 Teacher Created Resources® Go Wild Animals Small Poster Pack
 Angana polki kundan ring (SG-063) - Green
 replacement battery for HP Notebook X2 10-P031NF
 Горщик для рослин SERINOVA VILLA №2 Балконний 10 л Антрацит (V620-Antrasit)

--

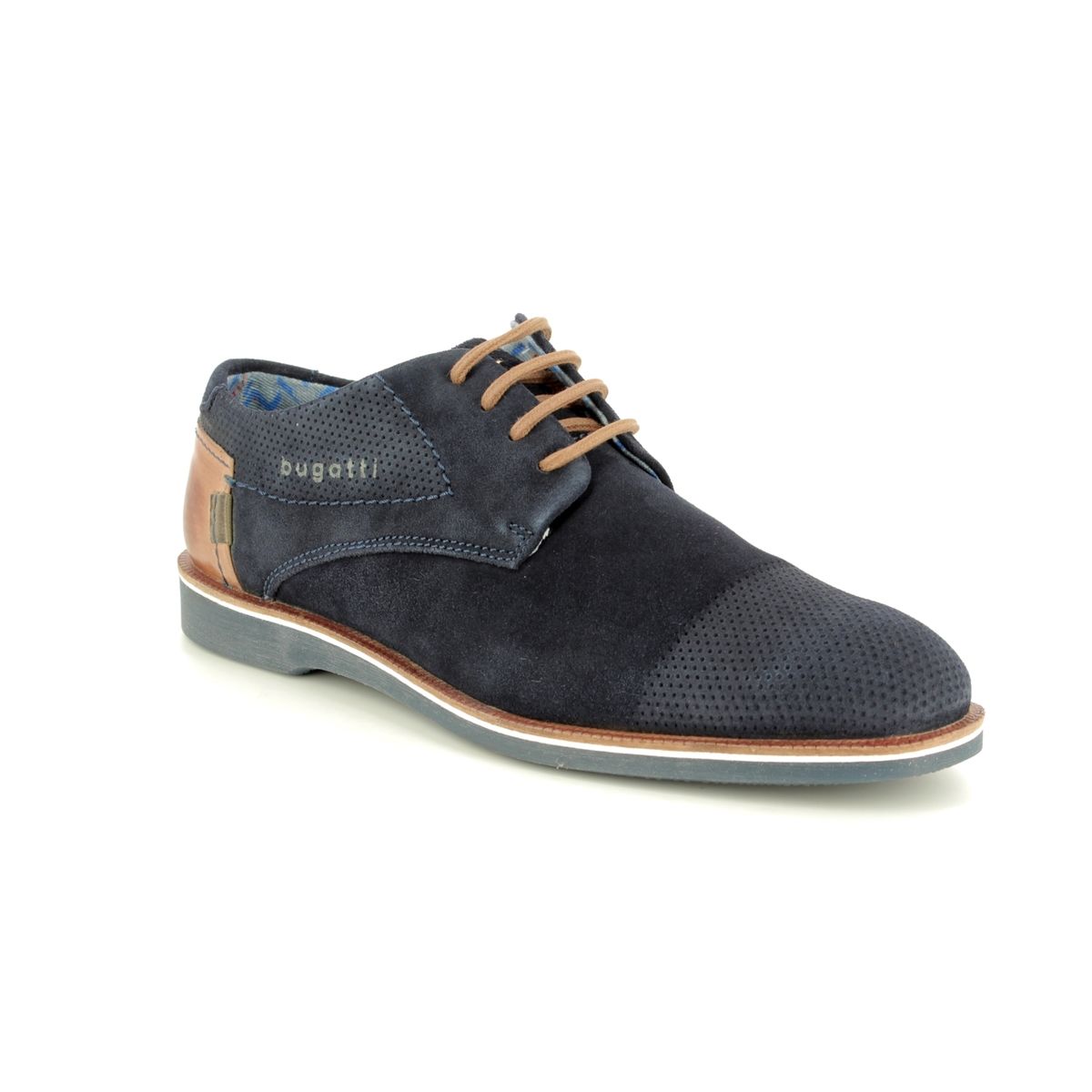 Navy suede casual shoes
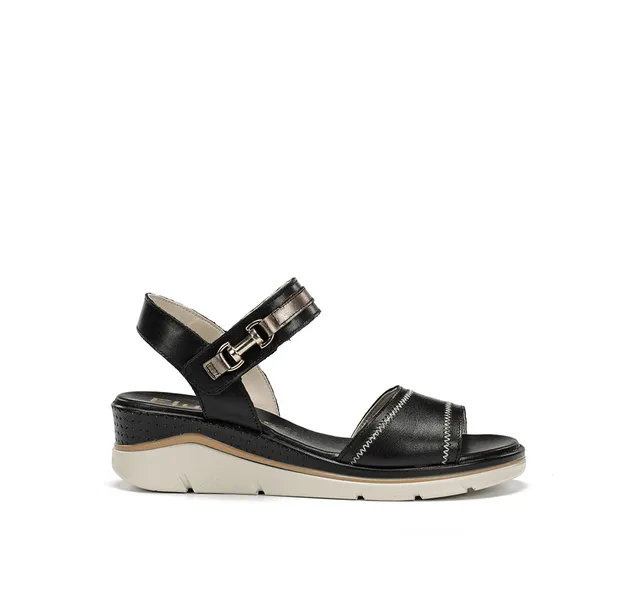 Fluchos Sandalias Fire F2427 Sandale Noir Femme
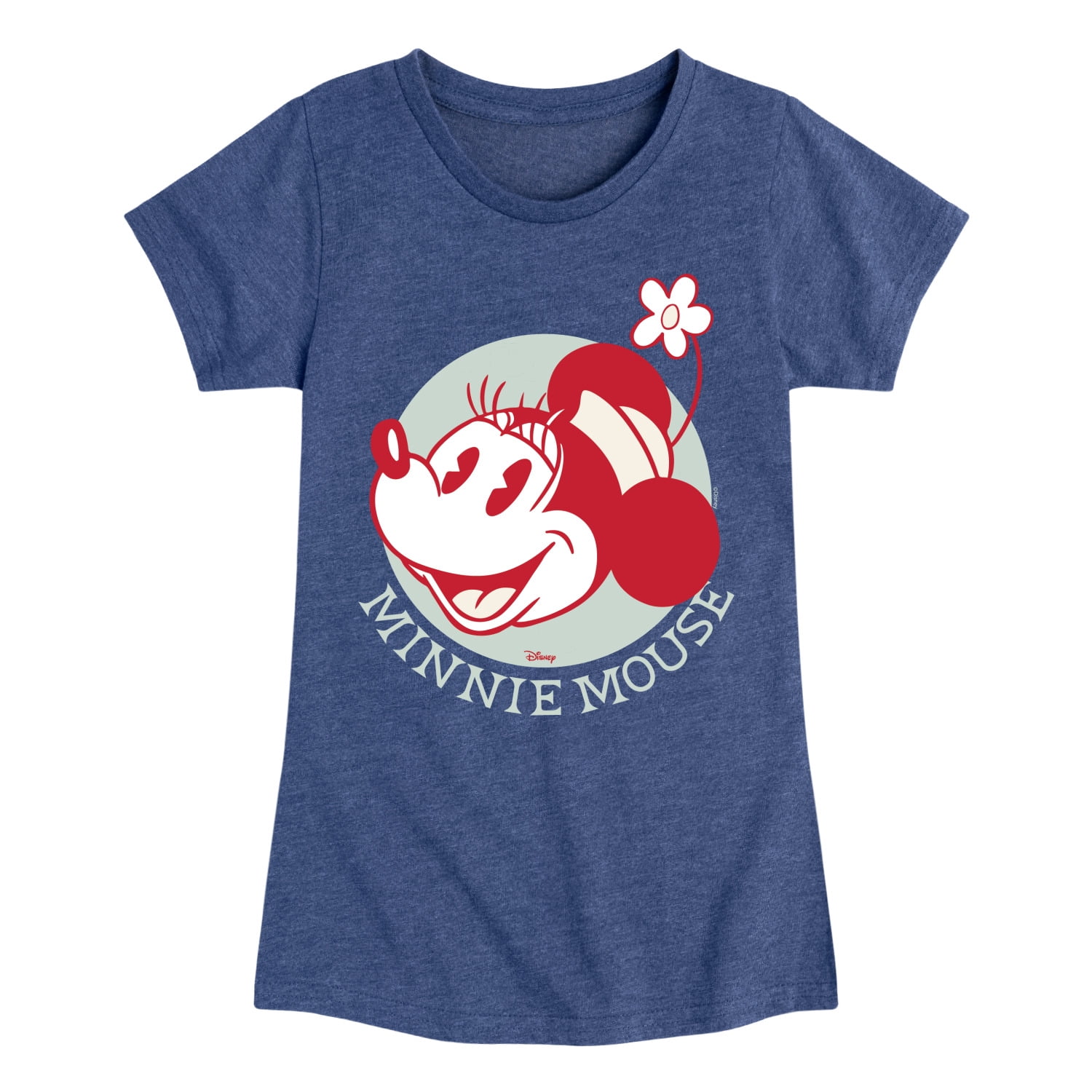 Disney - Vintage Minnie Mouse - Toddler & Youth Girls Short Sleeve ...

# [ABOUT THIS EXERCISE]
Transcribe, word for word, the stretch of lines in the data above from the one with "Navy suede casual shoes" through the one with "Disney - Vintage"; omit all pictures.

# [REPLY TO THE EXERCISE]
 Navy suede casual shoes
 Fluchos Sandalias Fire F2427 Sandale Noir Femme
 Disney - Vintage Minnie Mouse - Toddler & Youth Girls Short Sleeve ...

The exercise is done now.